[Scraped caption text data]
--- START ---

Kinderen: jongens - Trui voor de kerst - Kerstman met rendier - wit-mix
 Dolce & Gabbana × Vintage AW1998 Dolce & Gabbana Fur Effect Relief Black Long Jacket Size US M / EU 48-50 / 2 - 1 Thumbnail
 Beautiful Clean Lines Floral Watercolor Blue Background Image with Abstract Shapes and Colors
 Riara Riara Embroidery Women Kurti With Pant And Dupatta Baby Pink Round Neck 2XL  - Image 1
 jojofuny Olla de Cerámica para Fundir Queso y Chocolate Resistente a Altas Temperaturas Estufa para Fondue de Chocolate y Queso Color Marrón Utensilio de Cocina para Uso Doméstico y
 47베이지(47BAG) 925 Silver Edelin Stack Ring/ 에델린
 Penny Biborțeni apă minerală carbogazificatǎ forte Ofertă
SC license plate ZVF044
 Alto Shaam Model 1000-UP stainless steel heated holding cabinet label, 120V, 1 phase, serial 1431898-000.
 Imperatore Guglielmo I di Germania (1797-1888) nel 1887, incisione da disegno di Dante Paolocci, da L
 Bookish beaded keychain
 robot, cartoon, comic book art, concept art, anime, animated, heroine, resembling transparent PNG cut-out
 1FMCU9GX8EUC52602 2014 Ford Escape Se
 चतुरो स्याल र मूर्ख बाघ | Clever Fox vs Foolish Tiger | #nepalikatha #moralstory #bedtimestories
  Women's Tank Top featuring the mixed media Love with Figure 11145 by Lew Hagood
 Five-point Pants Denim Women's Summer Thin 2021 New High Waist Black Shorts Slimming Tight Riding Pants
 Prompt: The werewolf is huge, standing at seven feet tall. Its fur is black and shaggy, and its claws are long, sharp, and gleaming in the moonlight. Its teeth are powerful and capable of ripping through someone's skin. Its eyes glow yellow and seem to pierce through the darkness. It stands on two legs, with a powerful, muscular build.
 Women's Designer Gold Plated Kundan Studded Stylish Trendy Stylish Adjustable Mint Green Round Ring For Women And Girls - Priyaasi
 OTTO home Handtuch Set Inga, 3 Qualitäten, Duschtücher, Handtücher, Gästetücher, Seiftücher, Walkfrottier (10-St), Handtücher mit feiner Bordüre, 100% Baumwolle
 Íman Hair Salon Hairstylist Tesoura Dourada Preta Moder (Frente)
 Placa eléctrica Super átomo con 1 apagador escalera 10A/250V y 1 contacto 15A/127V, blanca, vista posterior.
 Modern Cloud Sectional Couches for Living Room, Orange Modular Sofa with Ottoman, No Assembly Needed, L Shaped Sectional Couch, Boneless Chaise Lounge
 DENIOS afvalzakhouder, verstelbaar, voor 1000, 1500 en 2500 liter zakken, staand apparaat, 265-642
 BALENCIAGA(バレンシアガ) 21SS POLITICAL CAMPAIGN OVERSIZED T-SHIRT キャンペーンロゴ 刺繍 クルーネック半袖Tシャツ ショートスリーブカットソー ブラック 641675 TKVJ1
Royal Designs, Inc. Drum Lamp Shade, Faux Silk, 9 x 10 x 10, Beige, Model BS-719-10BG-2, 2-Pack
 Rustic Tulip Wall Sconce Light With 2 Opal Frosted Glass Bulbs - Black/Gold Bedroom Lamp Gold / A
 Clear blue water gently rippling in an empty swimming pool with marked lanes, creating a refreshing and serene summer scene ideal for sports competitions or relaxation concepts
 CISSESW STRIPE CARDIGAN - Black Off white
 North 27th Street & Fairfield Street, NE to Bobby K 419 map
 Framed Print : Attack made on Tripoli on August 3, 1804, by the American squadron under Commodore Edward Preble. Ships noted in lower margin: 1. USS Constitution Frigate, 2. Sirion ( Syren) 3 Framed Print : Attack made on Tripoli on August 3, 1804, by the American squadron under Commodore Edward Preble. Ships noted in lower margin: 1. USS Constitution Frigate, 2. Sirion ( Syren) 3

--- END ---

## [Try it]
All lines from the one with "Modern Cloud Sectional" onward to the end of the records above should be repeated exactly, and only those lines.

## [Written answer]
 Modern Cloud Sectional Couches for Living Room, Orange Modular Sofa with Ottoman, No Assembly Needed, L Shaped Sectional Couch, Boneless Chaise Lounge
 DENIOS afvalzakhouder, verstelbaar, voor 1000, 1500 en 2500 liter zakken, staand apparaat, 265-642
 BALENCIAGA(バレンシアガ) 21SS POLITICAL CAMPAIGN OVERSIZED T-SHIRT キャンペーンロゴ 刺繍 クルーネック半袖Tシャツ ショートスリーブカットソー ブラック 641675 TKVJ1
Royal Designs, Inc. Drum Lamp Shade, Faux Silk, 9 x 10 x 10, Beige, Model BS-719-10BG-2, 2-Pack
 Rustic Tulip Wall Sconce Light With 2 Opal Frosted Glass Bulbs - Black/Gold Bedroom Lamp Gold / A
 Clear blue water gently rippling in an empty swimming pool with marked lanes, creating a refreshing and serene summer scene ideal for sports competitions or relaxation concepts
 CISSESW STRIPE CARDIGAN - Black Off white
 North 27th Street & Fairfield Street, NE to Bobby K 419 map
 Framed Print : Attack made on Tripoli on August 3, 1804, by the American squadron under Commodore Edward Preble. Ships noted in lower margin: 1. USS Constitution Frigate, 2. Sirion ( Syren) 3 Framed Print : Attack made on Tripoli on August 3, 1804, by the American squadron under Commodore Edward Preble. Ships noted in lower margin: 1. USS Constitution Frigate, 2. Sirion ( Syren) 3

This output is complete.